Stock options vs. RSUs
Here’s a breakdown of the key differences between stock options and RSUs:
RSUs and stock options have very different tax treatment
Equity compensation can make your tax situation more complicated, and it’s important to understand what you could owe. Let’s take a closer look at the tax treatment of stock options and RSUs.
How RSUs are taxed
RSUs are taxed as soon as they vest and are liquid. In many cases, your employer will withhold some of your RSUs as payment for taxes owed at the time of vesting. You might also get the option to pay those taxes with cash in order to retain all of your vested RSUs. Either way, your RSUs will be taxed at ordinary income rates which could be as high as 37% at the federal level plus Social Security and Medicare taxes, depending on your income.
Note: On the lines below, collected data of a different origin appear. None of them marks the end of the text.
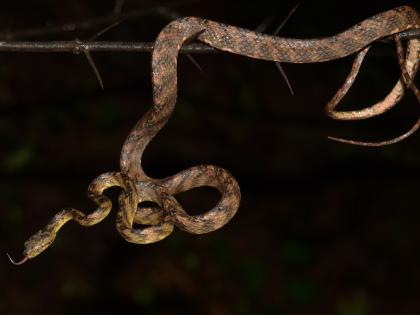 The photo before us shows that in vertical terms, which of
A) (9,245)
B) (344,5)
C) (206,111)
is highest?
(344,5)

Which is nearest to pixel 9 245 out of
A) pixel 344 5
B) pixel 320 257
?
pixel 320 257

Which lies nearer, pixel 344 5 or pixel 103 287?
pixel 103 287

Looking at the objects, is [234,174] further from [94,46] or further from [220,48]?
[94,46]

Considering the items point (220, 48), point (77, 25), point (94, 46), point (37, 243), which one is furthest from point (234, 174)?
point (94, 46)

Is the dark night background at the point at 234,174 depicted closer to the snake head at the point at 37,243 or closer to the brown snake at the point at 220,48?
the snake head at the point at 37,243

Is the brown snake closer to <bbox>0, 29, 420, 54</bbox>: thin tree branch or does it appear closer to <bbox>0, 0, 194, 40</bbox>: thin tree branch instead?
<bbox>0, 29, 420, 54</bbox>: thin tree branch

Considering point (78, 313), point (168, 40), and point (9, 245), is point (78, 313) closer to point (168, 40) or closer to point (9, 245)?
point (9, 245) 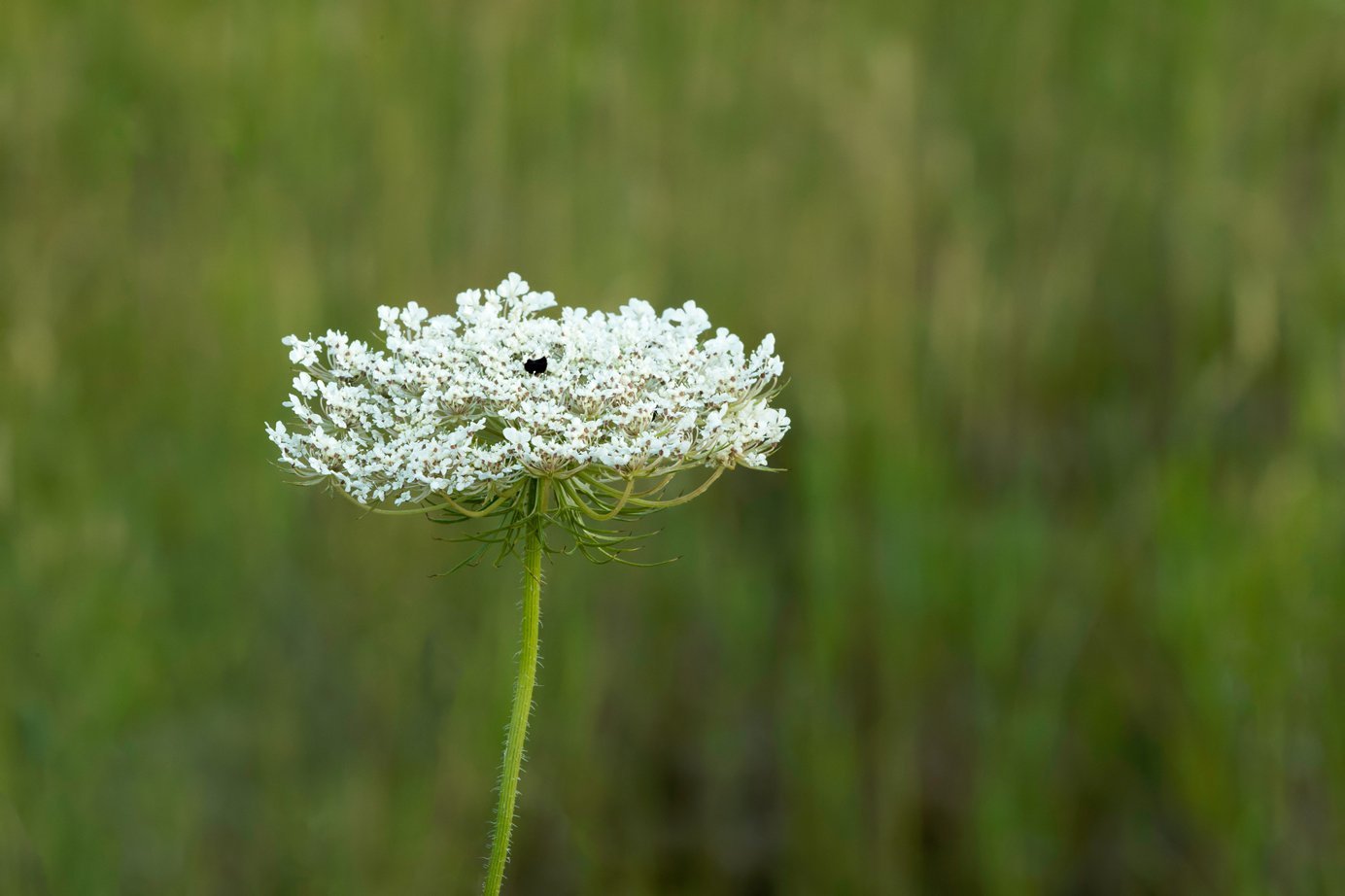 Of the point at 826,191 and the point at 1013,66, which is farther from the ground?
the point at 1013,66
You may owe additional taxes at the state level, depending on where you live.
How stock options are taxed
In contrast, stock options are taxed when you exercise them and/or when you sell them. This means you might want to exercise your options in a year when you anticipate your tax rate will be relatively low (or you have a lot of harvested losses to use from an investment manager like Wealthfront). If you early exercise your options before they’ve increased in value and file an 83(b) election within 30 days, then you won’t owe any taxes until you sell.
The rest depends on whether you have NSOs (which are more common) or ISOs. With NSOs, you will be taxed at ordinary income rates on the difference between the exercise price and the current fair market value when you exercise. If you then hold the shares for over a year, any gains or losses going forward will be taxed at the lower, long-term capital gains rate (which ranges from 0% to 20%). If you have ISOs, exercising your options is not a taxable event for regular tax purposes. Any increase in value over the exercise price will be taxed at the long-term capital gains rate when you sell as long as you meet both of the following conditions:
- You hold the shares for at least two years after they were granted to you.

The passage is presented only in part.